# Exploring contemporary composers: Let’s do it.



## KenOC (Mar 7, 2011)

General rules, subject to midcourse corrections:

1. Composers to be considered must have produced significant work in the past thirty years.

2. Members can propose such composers: One composer, one vote per day per member in this thread. When a composer gets three votes, he/she will get a new discussion thread. The thread manager will maintain the voting list here.

3. When 24 hours passes with no more posts on the discussion list for that composer, the next composer from the nomination list (on this thread, which will be ongoing) will get a new and separate discussion thread. Previous threads will remain open for continued discussion, if any.
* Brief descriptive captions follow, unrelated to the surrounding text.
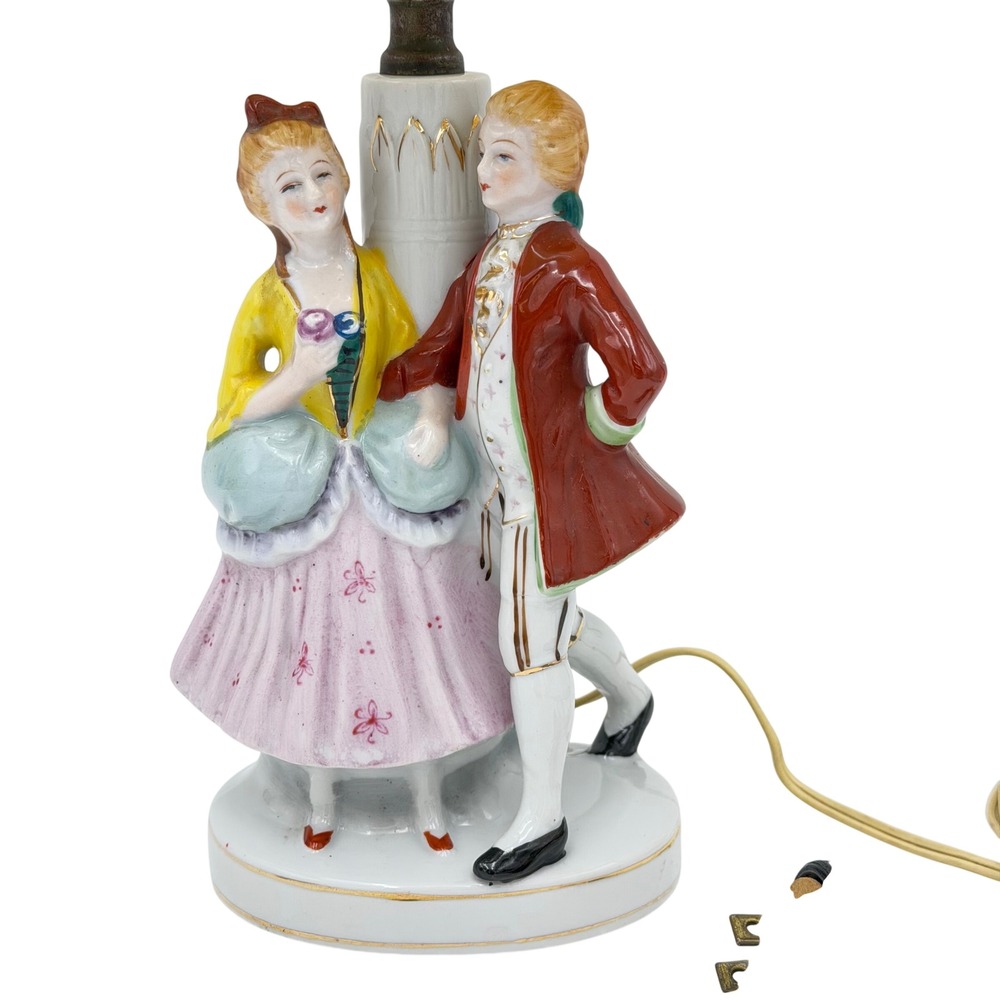 Vtg‎ 1940s Occupied Japan Porcelain Victorian Courting Couple Table Lamp Bedside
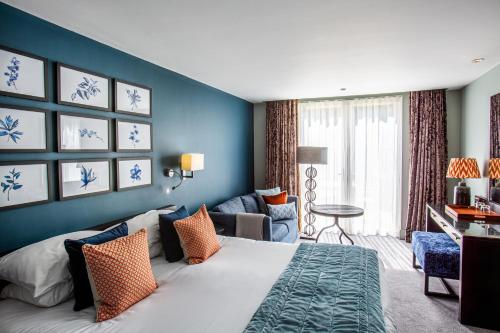索利赫尔霍加尔斯酒店的一间卧室设有一张大床和蓝色的墙壁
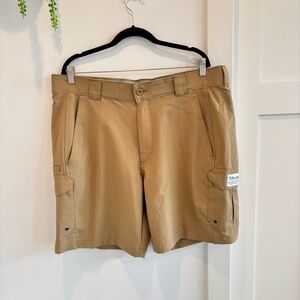 Bimini Bay Performance Gear Men's Fishing Boating Cargo Shorts Khaki Size 40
Unless somebody else wants to manage this, I will. Shall we begin?


----------



## Art Rock (Nov 28, 2009)

Discussion for "Exploring Contemporary Composers"


----------



## mmsbls (Mar 6, 2011)

I'm not sure if you've seen this thread where we are preparing to do essentially the same thing. We will select contemporary composers and then discuss each composer one at a time for 2-3 weeks or so. We have proposed to sequentially discuss the composers in the same thread. I think having the 2 projects run at the same time could dilute interest or time spent in both. We'd love to have you join that discussion.


----------



## KenOC (Mar 7, 2011)

Yes I saw it but grew impatient. If you want to develop that discussion farther, I'll be happy to withdraw this one!


----------



## mmsbls (Mar 6, 2011)

I guess I'm not sure what you mean. We are letting people nominate composers so we have a list. So far we have about 8 or so. From that list we will select our first few composers. Our hope is to have the project extend for a long time so we discuss many composers. I don't think it will take long to start our main discussion area (but I guess long is subjective).


----------



## KenOC (Mar 7, 2011)

Urk. I didn't realize you already had nominations! Mea culpa! Please delete this thread!!!


----------